The town’s lifeboat station is one of Scotland’s busiest – regularly getting called out to all sorts of emergencies in the Firth. The meaning of the name Kinghorn derives from the Gaelic ceann gronn, ‘head of the bog’. 
The historic Royal Burgh of Kinghorn lies on the golden coastline of the Kingdom of Fife. The former castle in Kinghorn was frequently visited by the Scottish Court in the period of the House of Dunkeld. The King’s castle, controlling the sea way, stood on the headland above Pettycur. A later structure, Glamis Tower, stood just behind the High Street. Both buildings have totally disappeared and the sites built over in modern times. It was because of King Alexander III wanting to return to Kinghorn to see his new wife that he fell on the horseride from Burntisland and was found dead on the beach of Pettycur bay.
The castle remained an important possession of the Scottish crown, and this was recognised by the creation of the Earldom of Kinghorne in 1606. A burn fed from the freshwater Kinghorn Loch above the town once provided the town with its water and subsequently provided the source of power to drive the machinery of flax mills. 

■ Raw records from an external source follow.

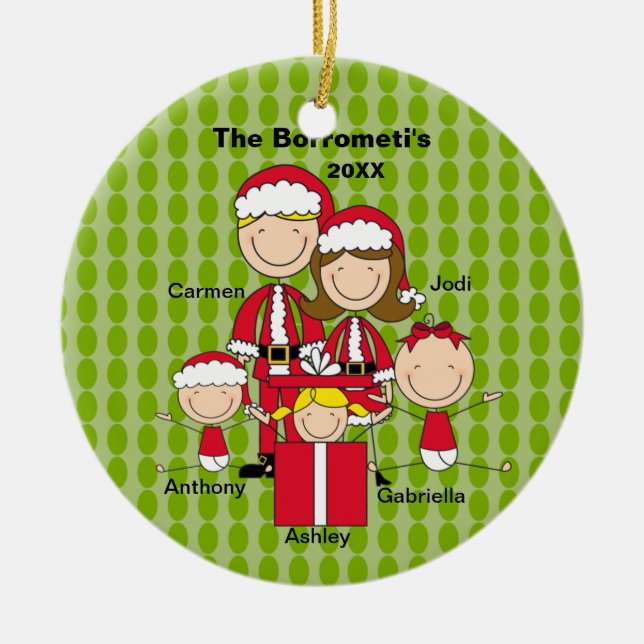 Familia de 5 Ornamentos de Navidad (Frente)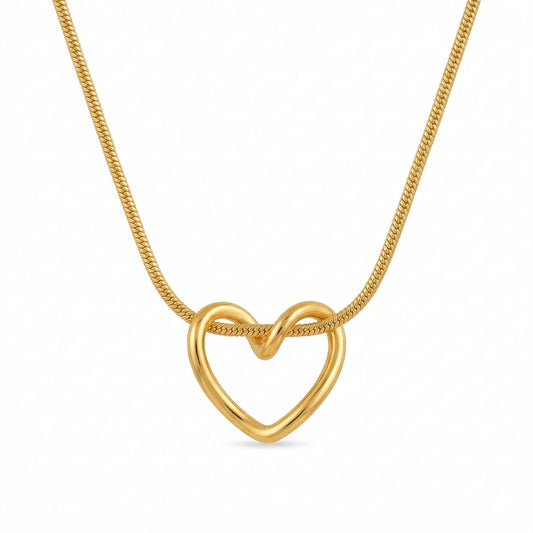 Minimal heart pendant necklace stainless steel anti tarnish gold jewelry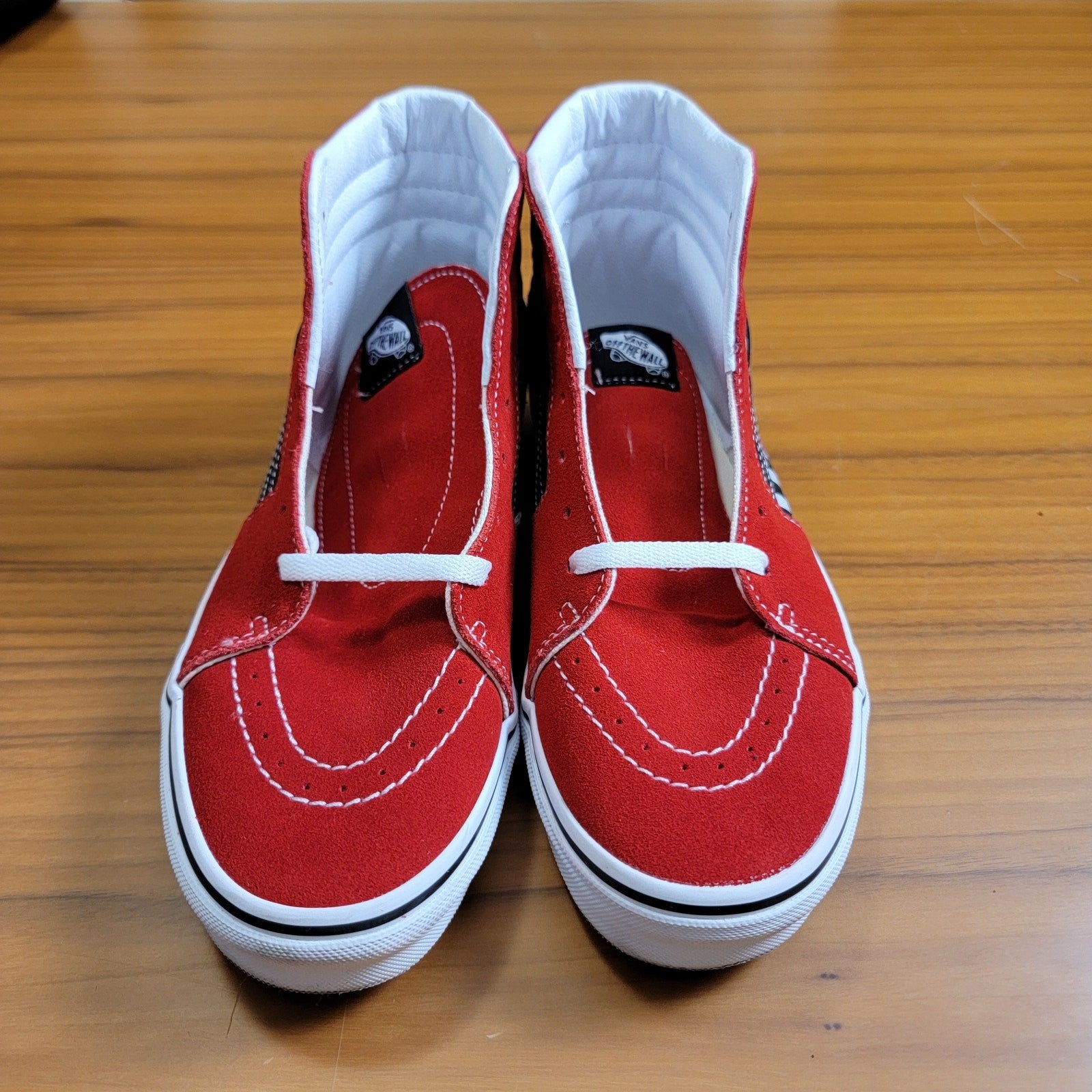 Vans Sk8Hi Reflect Check Flame Red Sneakers Sz 7 VN0A4UI2IZQ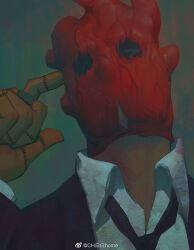 1boy aqua_background black_eyes black_jacket black_necktie blazer c_home chinese_commentary collared_shirt commentary_request dorohedoro finger_to_head heart_(organ) horror_(theme) jacket jewelry looking_at_viewer necktie red_mask ring shin_(dorohedoro) shirt solo stitched_fingers upper_body watermark weibo_watermark white_shirt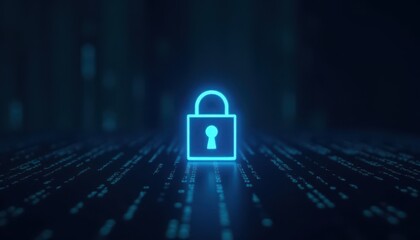 Digital padlock glowing on computer code background. Cyber security and data protection concept.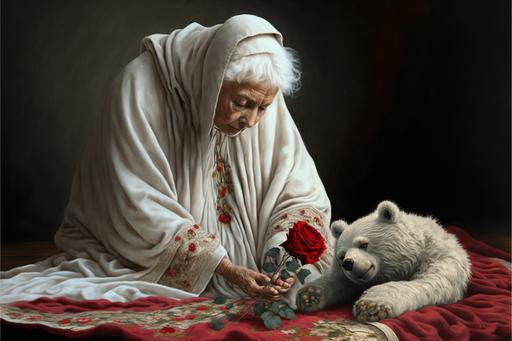 old lady with white hair and frail hand embroidering a beautiful long fabric with red roses, embroidered teddy bear laying on the ground --ar 3:2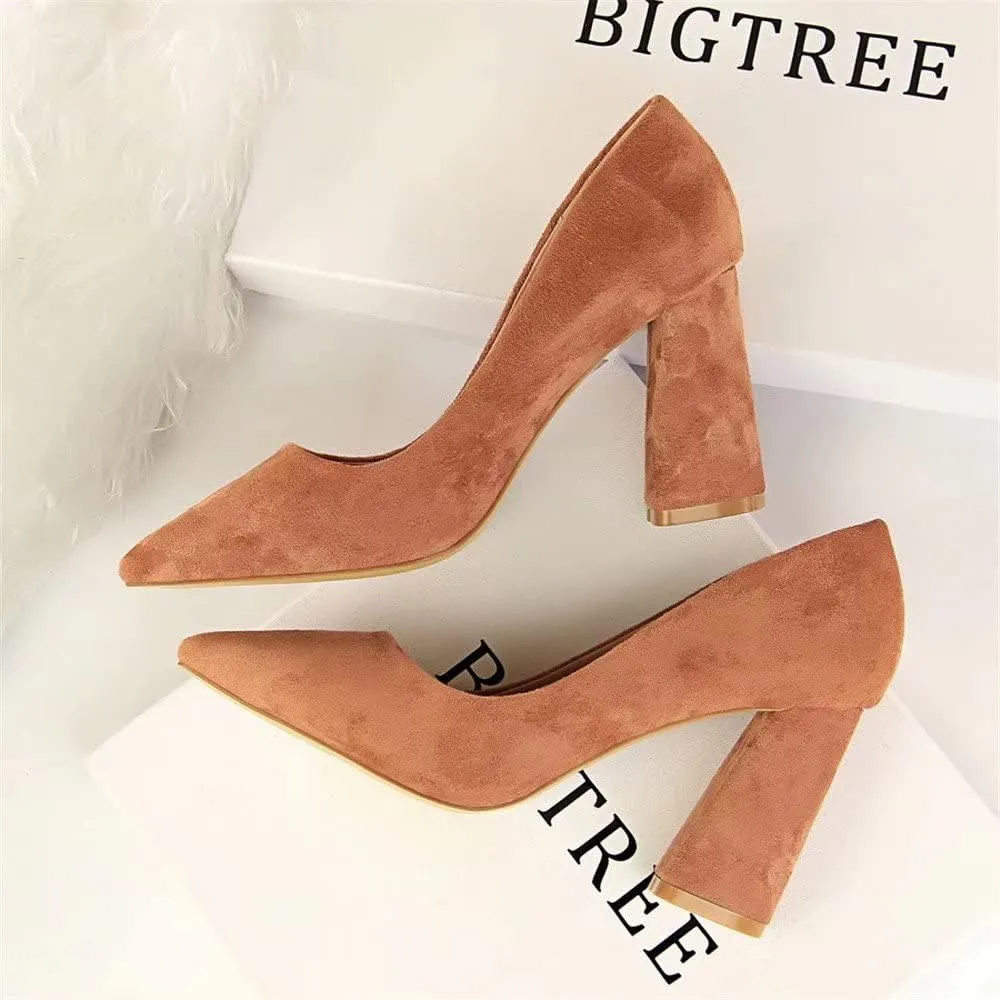 Hee grand Womens Heeled Pump Classic Pointed Toe Chunky High Heels Work Shoes Dress Pumps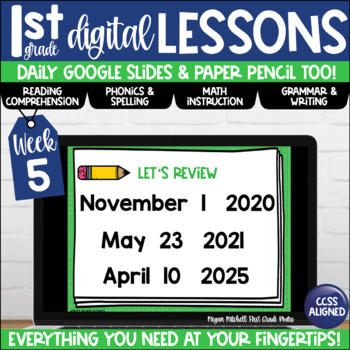 Preview of First Grade Digital & Paper Lesson Plans Week 5 Google Slides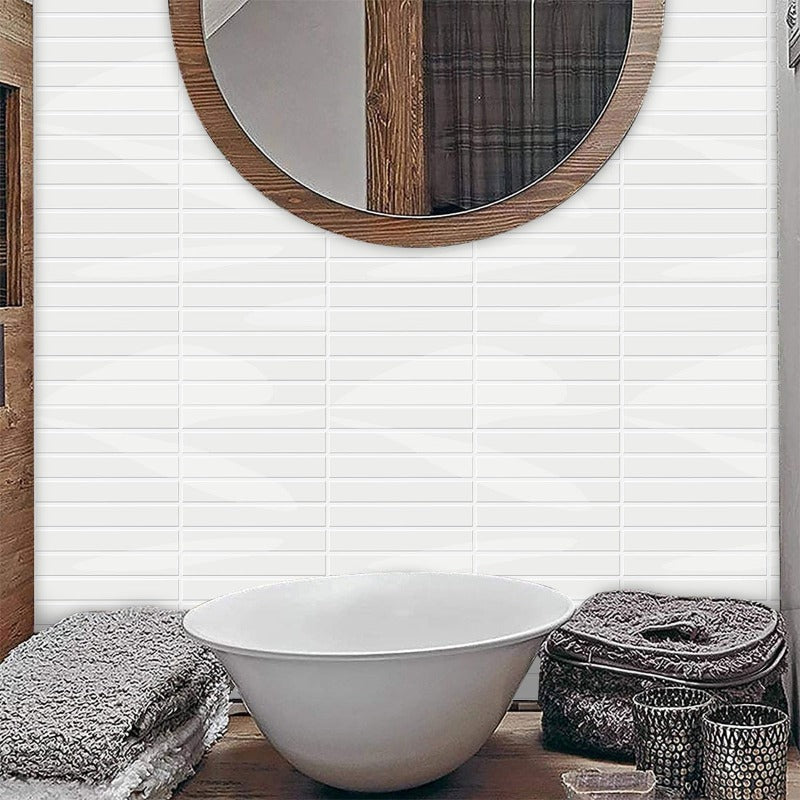 Self-Adhesive 3D Glossy White Kit Kat Tile Stickers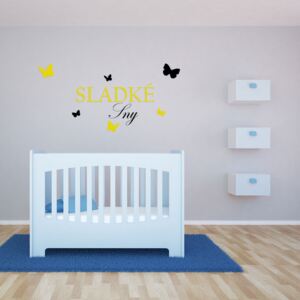 GLIX Sweet dreams - autocolant de perete Negru și galben 120 x 60 cm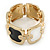 Black/ White Enamel Square, Crystal Hinged Bangle Bracelet In Gold Tone - 19cm L - view 4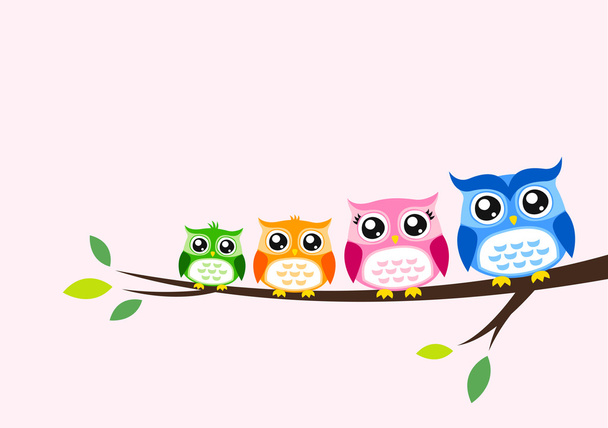 Owl family greeting - Vektor, Bild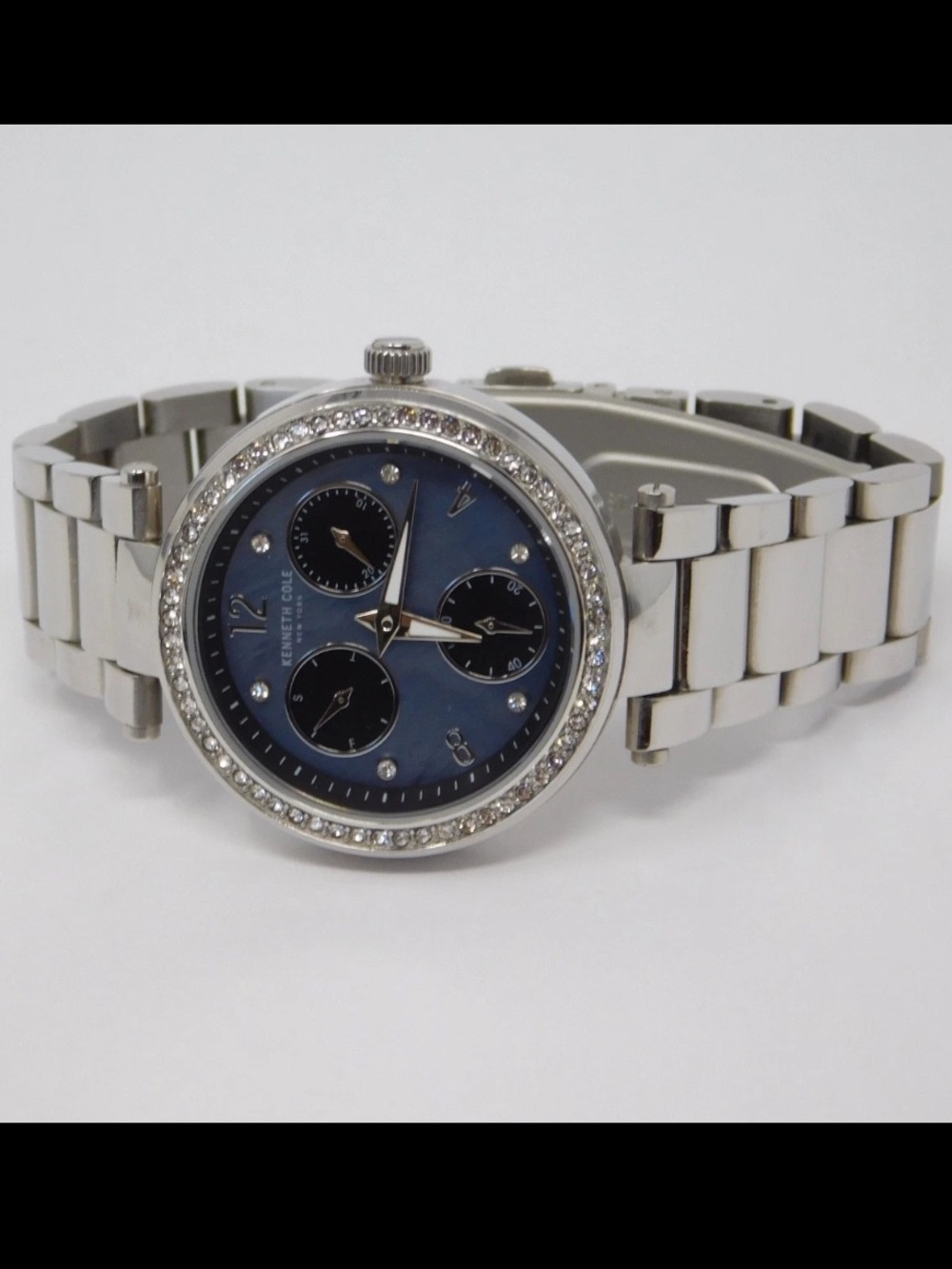 Kenneth Cole Women's Watch KC50735006 Black Blue MOP Dial Crystal Bezel 5.5"
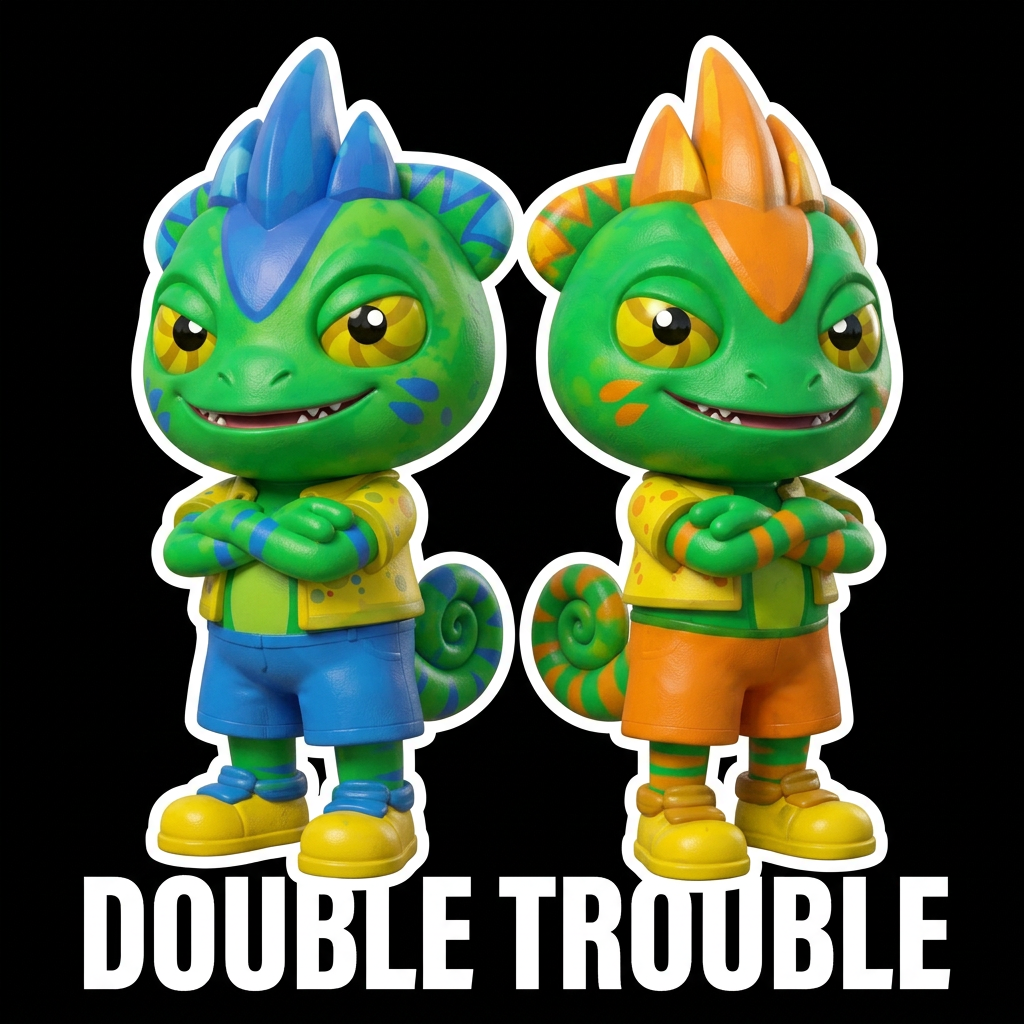AI Design for Take these two chameleon brothers and put them on a black background an outline them with a white outline make sure that all of their details are visible make both of the characters cross their arms and touch their backs and have a smile like a mean like menacing smile you'd more menacing more cuter and in bold white text like down their bodies so you can really see their legs it says Double Trouble in Big white text and don't change up their details just change up their pose but the on a black background and do everything that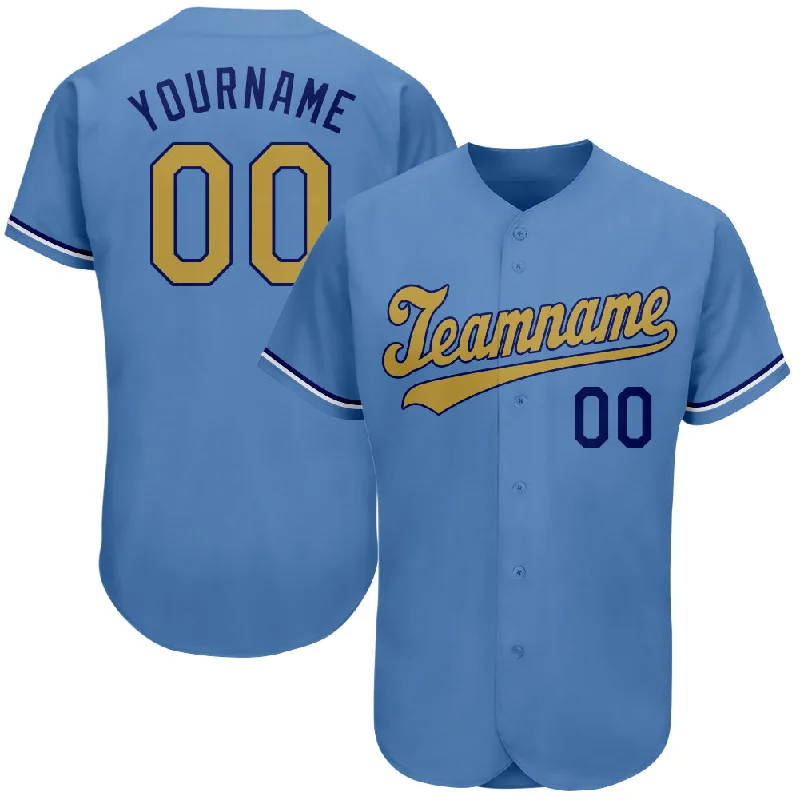 Baseball Jerseys For Custom Designs & Printing-Custom Light Blue Old Gold-Royal Authentic Baseball Jersey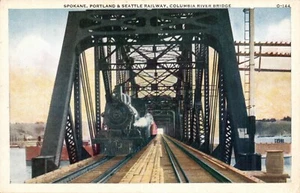 POSTKARTE SPOKANE PORTLAND & SEATTLE COLUMBIA RIVER BRIDGE - Bild 1 von 2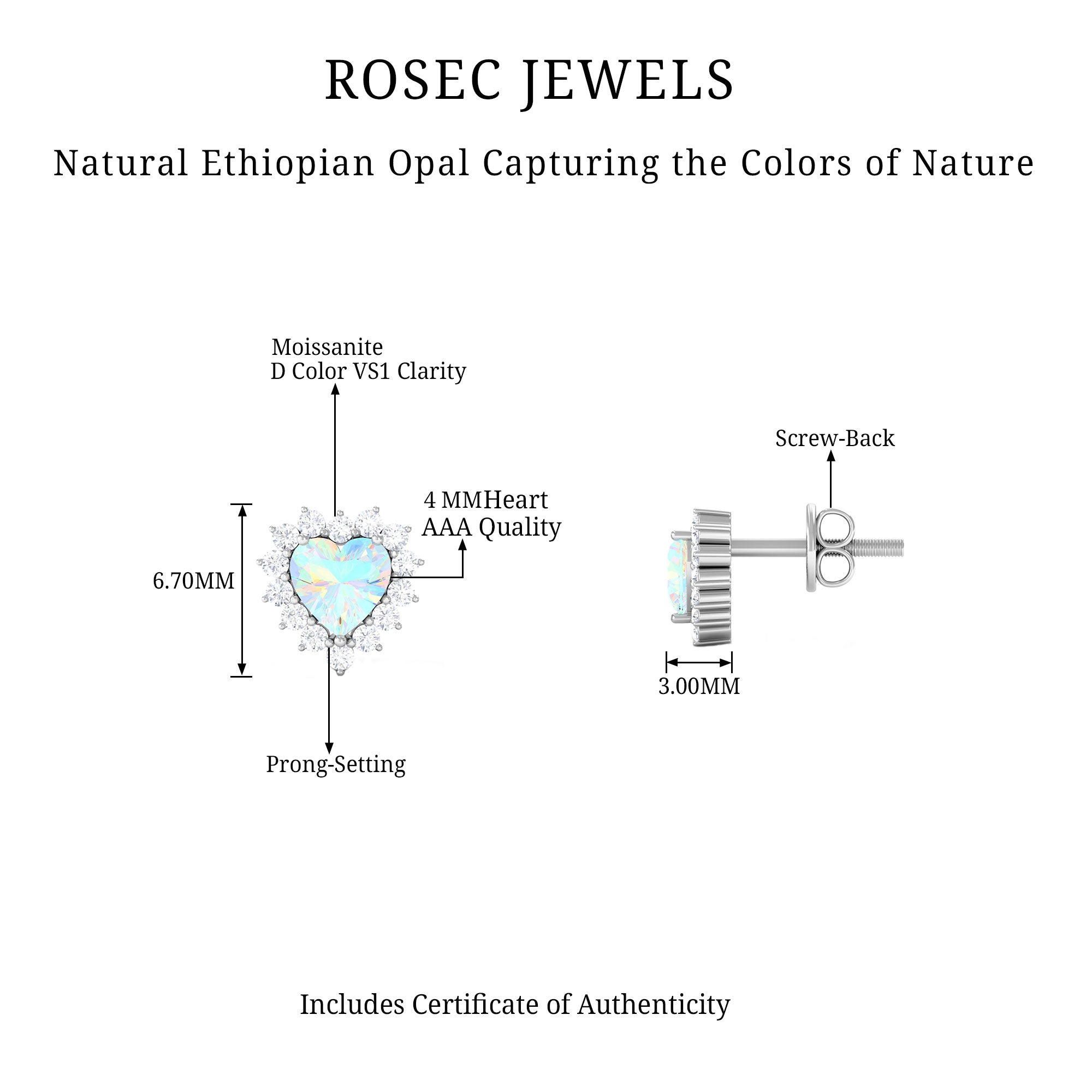 Heart Shape Ethiopian Opal Silver Stud Earrings with Moissanite Halo Ethiopian Opal - ( AAA ) - Quality 92.5 Sterling Silver - Rosec Jewels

The old town was dramatically transformed in 1846 by the construction of the railway viaduct across the valley of the burn and the opening of Kinghorn Station by the Edinburgh and Northern Railway which had its terminus at Burntisland for ferries across the Forth to Granton. Much of the former horse ferry traffic from Pettycur bay was lost to Burntisland. 
Following the opening of the Forth Railway Bridge in 1890,the North British Railway started to promote Kinghorn’s picturesque sheltered bay and beach as a resort which led to considerable development of the town.